Let me explain. I was a three-sport high school athlete but really wasn’t good enough in any of those sports (soccer, track, swimming) to compete at the collegiate level. When I got to campus freshman year, I walked on to the freshman lightweight crew and never looked back. Rowing became a formative, meaningful part of my college experience, and I am still very close to many of my teammates and coaches 40 years later. But what does that have to do with professional and personal coaching? I believe there are five important parallels between this kind of coachin and rowing, starting with focus.
Focus
Anyone who has ever rowed competitively has heard some version of “eyes in the boat!” from a coach or coxswain. To row well requires a supreme focus on what’s happening in the now, and a focus on what you can control and influence. Looking over to see where the other crew is does nothing but take you out of the rhythm of your own boat. In college, the requirement to staying focused within the boat became a sort of sanctuary for me from my academic pressures. For the 1-2 hours per day I was participating in the sport, I simply could not think about school. It was a kind of active meditation.
Coaching feels the same to me. When I am working with a client, I know that being a great coach means being supremely present, attentive and available. No texts or emails, no multitasking during coaching sessions. For that hour session, it’s like I and my client are the only people on Earth. That intense focus brings me back to being on the river early in the morning, rowing with purpose and extreme attention to detail. It feels holy. Without that focus, without deep listening and observation, I am not connected mind and spirit with my client and cannot serve them the way I aspire to.
Flow
Rowers are obsessed with a concept called “swing”. It’s a feeling that is elusive and constantly sought after, a sublime melding of effort, skill and intent of everyone in the boat. When it happens, everyone in the boat knows it, and the rowing seems easier, better, and faster. If the crew loses focus, even for a second, swing is lost. Crews that train together a lot and trust each other can achieve swing more consistently than crews that are thrown together, even if they are individually talented rowers.

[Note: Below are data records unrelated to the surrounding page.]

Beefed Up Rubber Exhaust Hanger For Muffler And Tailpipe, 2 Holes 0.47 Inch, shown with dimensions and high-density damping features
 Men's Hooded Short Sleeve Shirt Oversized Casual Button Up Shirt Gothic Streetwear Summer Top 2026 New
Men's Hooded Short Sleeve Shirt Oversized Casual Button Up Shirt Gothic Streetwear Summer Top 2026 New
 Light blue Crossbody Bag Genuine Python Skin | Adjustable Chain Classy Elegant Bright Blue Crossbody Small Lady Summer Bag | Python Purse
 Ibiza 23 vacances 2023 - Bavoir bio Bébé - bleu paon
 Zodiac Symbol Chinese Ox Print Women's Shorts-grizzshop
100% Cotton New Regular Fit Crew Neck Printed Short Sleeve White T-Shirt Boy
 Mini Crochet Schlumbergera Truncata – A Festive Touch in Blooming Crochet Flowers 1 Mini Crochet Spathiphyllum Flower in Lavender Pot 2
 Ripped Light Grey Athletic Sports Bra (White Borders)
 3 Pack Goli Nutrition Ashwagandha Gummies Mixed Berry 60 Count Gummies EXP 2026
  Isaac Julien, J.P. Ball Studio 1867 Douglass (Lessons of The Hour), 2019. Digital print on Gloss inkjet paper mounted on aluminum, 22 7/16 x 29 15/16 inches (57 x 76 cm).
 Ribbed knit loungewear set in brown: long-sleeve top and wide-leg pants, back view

Coaching has parallels. Coaches are trained to “dance in this moment”, to listen intently to what the client is saying, but also to observe how the client is speaking and acting and what is not being said, and to choose when and how to respond, interject or intervene – to be very present to what is happening right now and respond to that stimulus, not to some master plan or structured checklist. When this happens, there is a state of flow between coach and client that feels, in spirit, like a boat with amazing swing. It’s effortless, effective and meaningful. Both coach and client feel very alive and engaged. There is a resonant energy that infuses the conversation and moves the coaching forward.
Self-Management and Attunement to Others
One of the challenges for novice rowers is the need to simultaneously manage oneself with the equally compelling need to be aware of all the others in the boat. There are a series of implicit or explicit questions running through a rower’s mind at all times: will I be able to row this hard for the next 4 minutes? Is my form as good as it needs to be? How motivated am I right this second? Am I making the right tradeoffs between brute force and technical skill right now? These inner voices, some allies and some saboteurs, need to be channeled to stay focused on rowing well. At the same time, rowing well requires extreme awareness of what everyone else in the boat is doing, matching their timing and form precisely so that all are moving in perfect unison. Proprioception, that sixth sense of movement and where one’s body is in space, is vital. Rowing requires keen and continuous observation of one’s crewmates, as well as attention to the coxswain’s encouragements and directions. It requires the rower to let go of his or her ego, preferences, and opinions for the collective good and be absolutely present in the moment.
I experience much the same in coaching. To really hold my client’s agenda, I need to “get out of the way” and instead immerse myself in my client’s issues, struggles and concerns. I need to give up my desire to look good or to be right; give up my own internal voices, analyses, and opinions and let the light shine on my client. This requires me to be well-trained and well-prepared, but not scripted or perfunctory. I need to self-manage the inner voices that nag at me saying “you should have asked a different question” or “the answer to this question is obvious”. I want to ensure that the questions I ask are motivated by my desire to help my client move forward, not by my need to mold the answer. This duality of inner and outer self-management feels so familiar to me because it is so present in rowing as well.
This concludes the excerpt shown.